◆ INSTRUCTIONS TO FOLLOW
Send back the data below exactly. Drop every picture.

◆ Short web captions
====

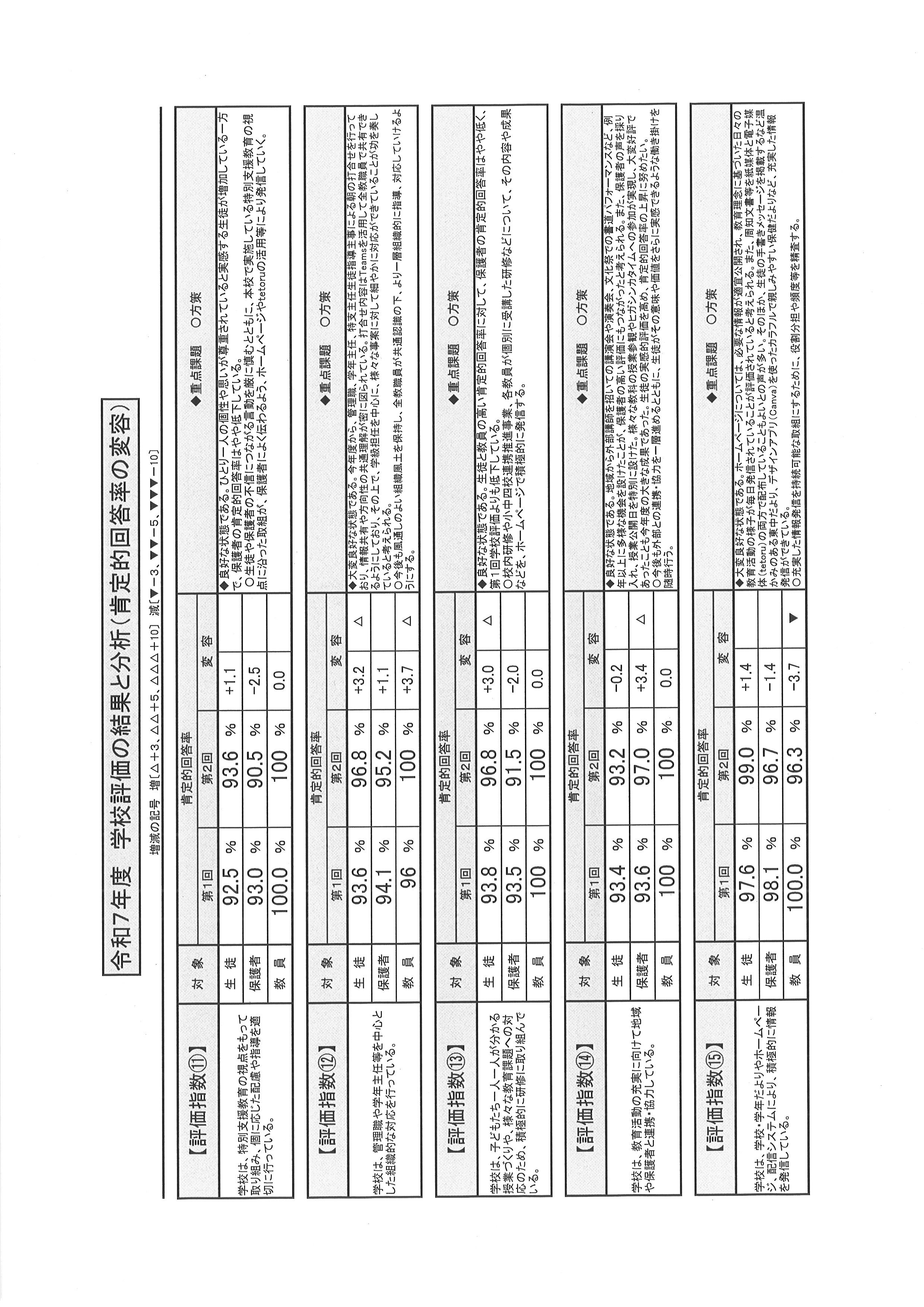 20260306140056_00005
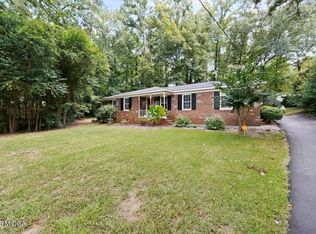 4775 Cheryle Ann Dr, Macon, GA 31210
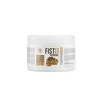 Image de Fist-it - Numbing - 500 ml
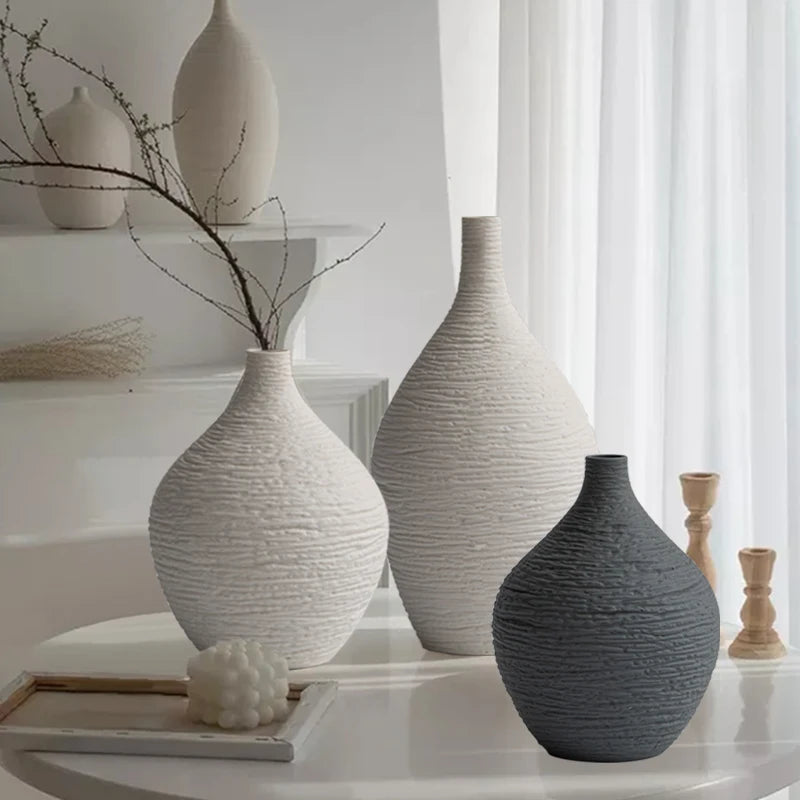  Nordica Bloom Vase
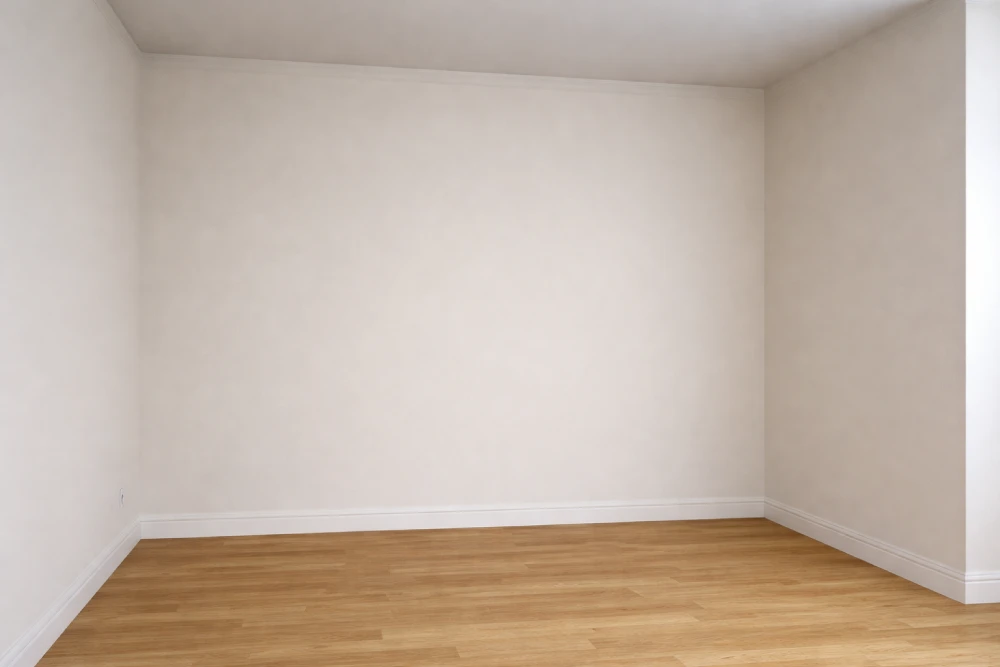 Entrümpelung Lanzenkirchen nachher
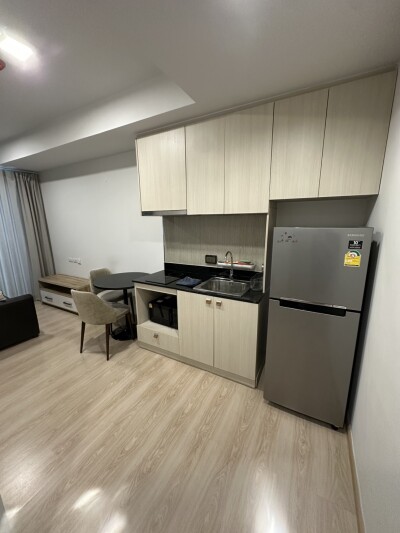 ยูนิโอ เอช ติวานนท์ / Unio H Tiwanon-5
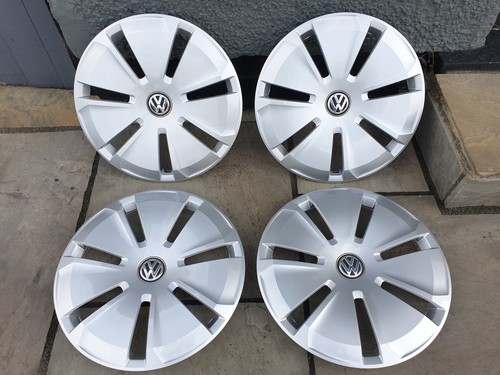 Volkswagen transporter - volkswagen, 16"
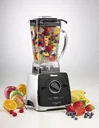 Stand mixer BL-4473 VitaPower Blender 2000 - 2 liters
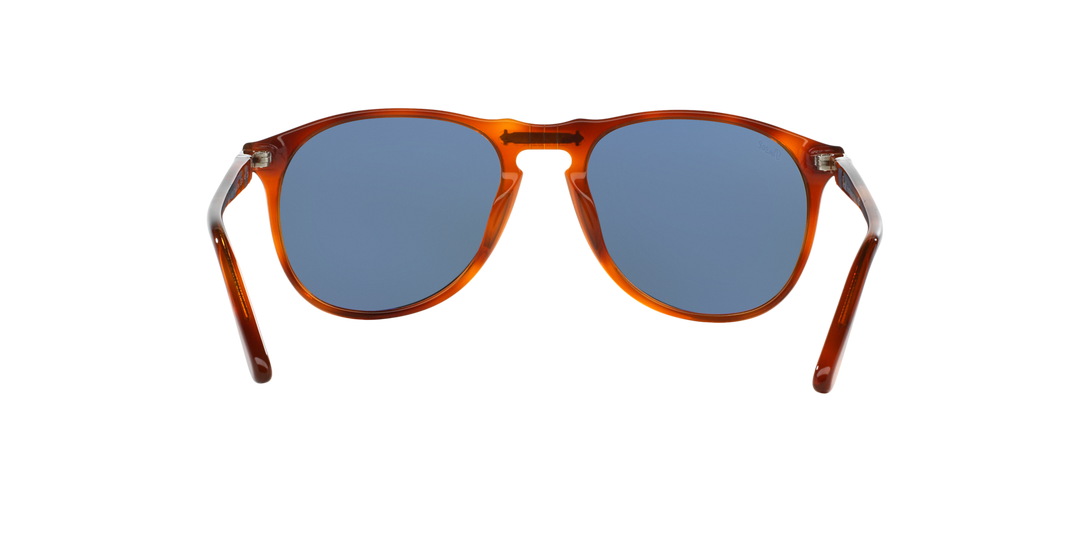 Persol 0PO9649S.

====

◆ REPLY
 20260306140056_00005
 4775 Cheryle Ann Dr, Macon, GA 31210
 Image de Fist-it - Numbing - 500 ml
  Nordica Bloom Vase
 Entrümpelung Lanzenkirchen nachher
 ยูนิโอ เอช ติวานนท์ / Unio H Tiwanon-5
 Volkswagen transporter - volkswagen, 16"
 Stand mixer BL-4473 VitaPower Blender 2000 - 2 liters
 Persol 0PO9649S.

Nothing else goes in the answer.